EXTRACTED INFORMATION
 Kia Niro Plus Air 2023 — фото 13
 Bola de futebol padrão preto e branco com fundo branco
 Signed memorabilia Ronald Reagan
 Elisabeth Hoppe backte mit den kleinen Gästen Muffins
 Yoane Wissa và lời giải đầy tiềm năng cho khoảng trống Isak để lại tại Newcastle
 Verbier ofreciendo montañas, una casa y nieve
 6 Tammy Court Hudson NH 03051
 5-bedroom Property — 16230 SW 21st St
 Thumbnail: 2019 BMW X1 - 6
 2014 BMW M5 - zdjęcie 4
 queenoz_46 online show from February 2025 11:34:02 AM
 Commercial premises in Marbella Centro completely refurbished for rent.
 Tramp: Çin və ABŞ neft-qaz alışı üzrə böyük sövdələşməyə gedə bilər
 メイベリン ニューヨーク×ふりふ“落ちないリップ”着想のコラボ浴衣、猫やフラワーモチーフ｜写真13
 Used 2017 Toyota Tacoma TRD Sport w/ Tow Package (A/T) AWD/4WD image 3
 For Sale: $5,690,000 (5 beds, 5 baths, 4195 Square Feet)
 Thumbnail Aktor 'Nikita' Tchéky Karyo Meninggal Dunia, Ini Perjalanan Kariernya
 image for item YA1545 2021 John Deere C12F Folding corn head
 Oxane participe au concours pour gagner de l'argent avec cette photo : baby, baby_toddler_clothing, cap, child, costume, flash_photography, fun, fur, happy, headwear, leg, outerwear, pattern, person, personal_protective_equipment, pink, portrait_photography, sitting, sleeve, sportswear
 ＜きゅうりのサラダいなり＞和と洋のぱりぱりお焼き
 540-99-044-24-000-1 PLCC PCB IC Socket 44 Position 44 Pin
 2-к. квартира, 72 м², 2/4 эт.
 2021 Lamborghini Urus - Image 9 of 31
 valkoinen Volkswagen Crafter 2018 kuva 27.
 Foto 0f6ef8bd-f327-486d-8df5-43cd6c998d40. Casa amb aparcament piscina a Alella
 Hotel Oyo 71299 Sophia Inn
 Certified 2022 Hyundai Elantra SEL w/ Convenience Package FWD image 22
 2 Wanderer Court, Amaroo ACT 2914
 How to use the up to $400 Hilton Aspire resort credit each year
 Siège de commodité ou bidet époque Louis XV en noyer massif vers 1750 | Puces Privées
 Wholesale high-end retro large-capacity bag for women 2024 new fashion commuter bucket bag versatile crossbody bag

EXERCISE AIM
Go to the line with "メイベリン ニューヨーク×ふ" in the entries above and repeat every line from there through the line with "Siège de commodité", exactly and with no other text.

REPLY
 メイベリン ニューヨーク×ふりふ“落ちないリップ”着想のコラボ浴衣、猫やフラワーモチーフ｜写真13
 Used 2017 Toyota Tacoma TRD Sport w/ Tow Package (A/T) AWD/4WD image 3
 For Sale: $5,690,000 (5 beds, 5 baths, 4195 Square Feet)
 Thumbnail Aktor 'Nikita' Tchéky Karyo Meninggal Dunia, Ini Perjalanan Kariernya
 image for item YA1545 2021 John Deere C12F Folding corn head
 Oxane participe au concours pour gagner de l'argent avec cette photo : baby, baby_toddler_clothing, cap, child, costume, flash_photography, fun, fur, happy, headwear, leg, outerwear, pattern, person, personal_protective_equipment, pink, portrait_photography, sitting, sleeve, sportswear
 ＜きゅうりのサラダいなり＞和と洋のぱりぱりお焼き
 540-99-044-24-000-1 PLCC PCB IC Socket 44 Position 44 Pin
 2-к. квартира, 72 м², 2/4 эт.
 2021 Lamborghini Urus - Image 9 of 31
 valkoinen Volkswagen Crafter 2018 kuva 27.
 Foto 0f6ef8bd-f327-486d-8df5-43cd6c998d40. Casa amb aparcament piscina a Alella
 Hotel Oyo 71299 Sophia Inn
 Certified 2022 Hyundai Elantra SEL w/ Convenience Package FWD image 22
 2 Wanderer Court, Amaroo ACT 2914
 How to use the up to $400 Hilton Aspire resort credit each year
 Siège de commodité ou bidet époque Louis XV en noyer massif vers 1750 | Puces Privées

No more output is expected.